The court described the case as unusually large — prosecutors said there are as many as 27 defendants across related indictments — and said the county would determine whether the existing courtroom can handle simultaneous trials or whether the cases will need a larger venue. “We will make the 20th through the 23rd our trial date for the conspiracy cases,” the judge said, noting courtroom capacity and the need to coordinate witnesses and counsel.
Prosecutors told the court they had conducted wiretaps and surveillance in the multi-jurisdiction investigation and that multiple defendants were identified on intercepted calls as arranging and trafficking substantial quantities of methamphetamine and fentanyl.

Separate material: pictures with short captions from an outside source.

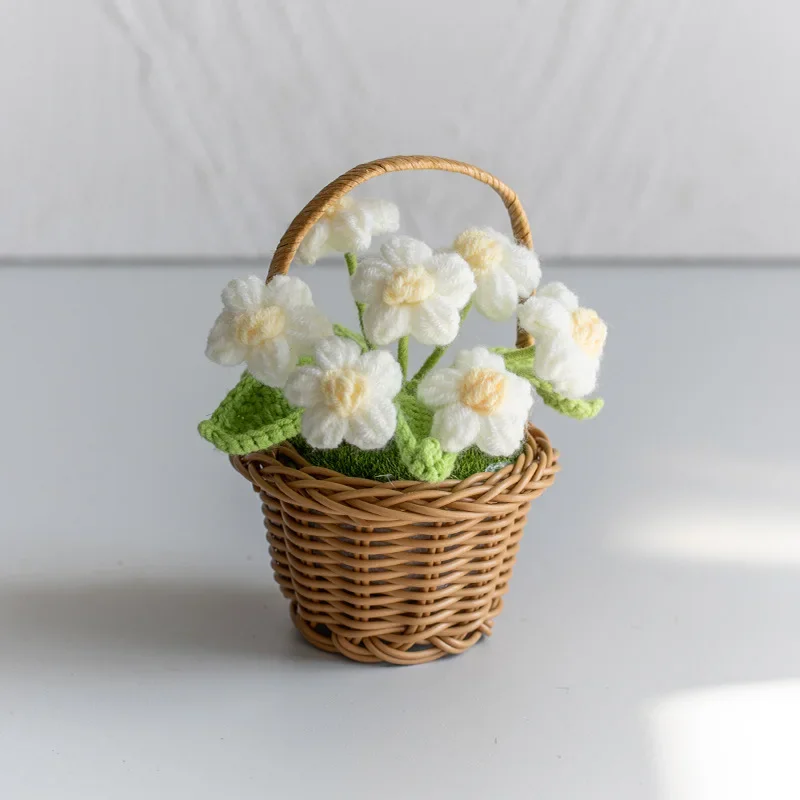 knitted Flower Potted Crochet Flowers Cute Hand Woven Plant Finished Woven Flowers Office Home Decor: Blue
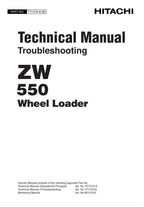 Hitachi ZW550 Wheel Loader Tech Manual Troubleshooting +Schematics TT11C5-E-00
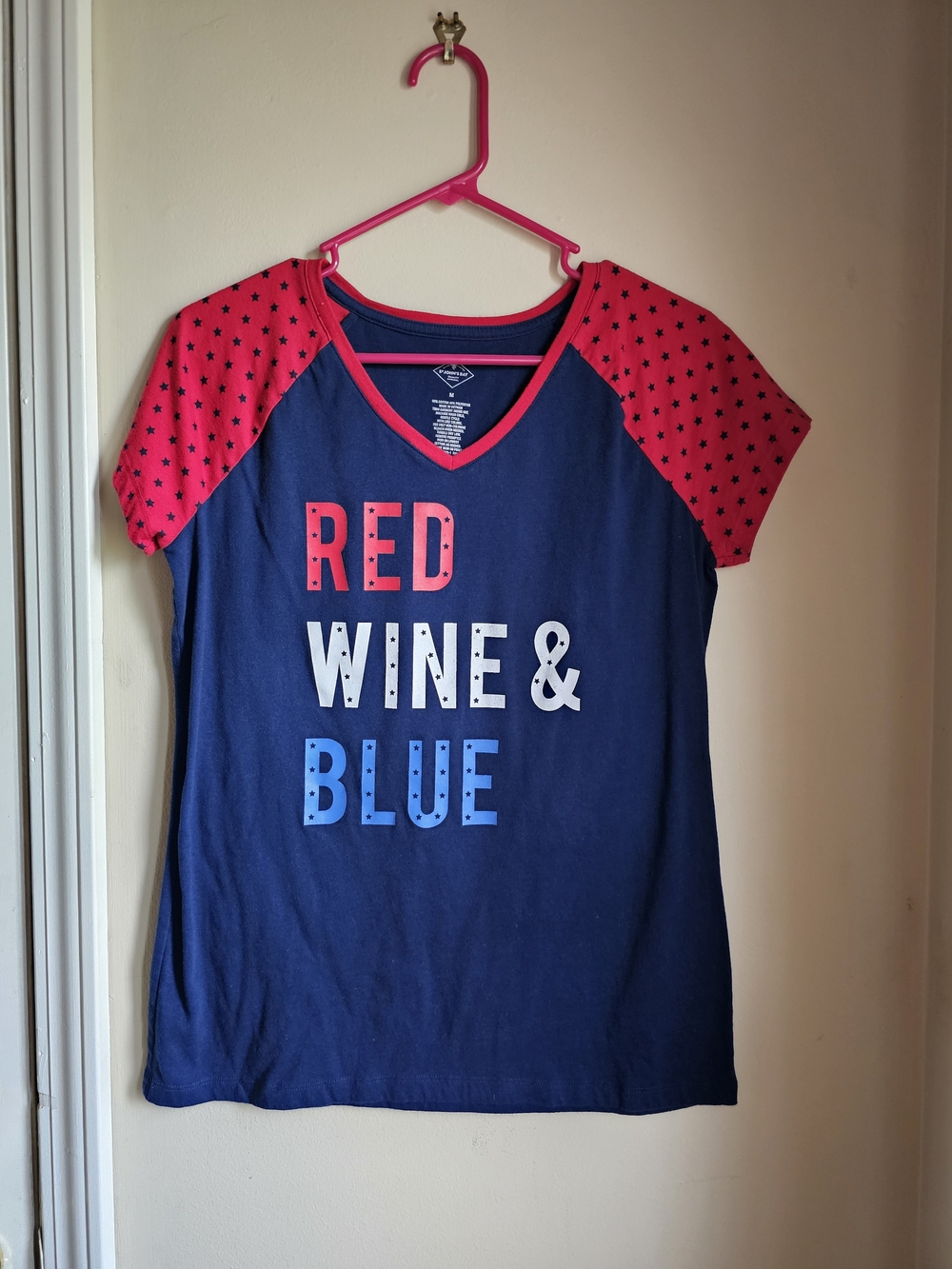 Patriotic 'Red Wine & Blue' Navy Tee with Red Star Sleeves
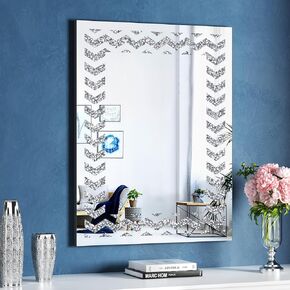 KOHROS Crystal Crush Diamond Rectangle Silver Mirror for Wall Decoration 19.7" x 27.6" Frameless Mirror for Living Room Bedroom Bathroom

Several defendants who appeared during the docket confirmed the scheduling: some were set for a July or June status date first, and many were given Sept. 22 as a last chance to resolve charges by agreement before the January 2026 trial week.
Defense attorneys and prosecutors discussed logistics on the record: several lawyers said they expected multiple weeks of trial time would be needed if many defendants opted to go to trial. The judge instructed counsel to identify how many defendants would need the jury term so the court could arrange for an appropriately sized courtroom or an alternate venue.
Because many defendants and counsel are based in different counties, the court also allocated interim status dates (including July and September check-ins) to resolve discovery disputes and to determine which defendants will proceed to trial.
The scheduling affects dozens of open files in Dixon County and adjacent jurisdictions, and the judge made clear that failure to resolve matters by the Sept. 22 plea date would trigger the January trial assignments for those who remain indicted and unpleaded.
The hearing record and the court’s scheduling orders are the authoritative sources for the dates the court announced.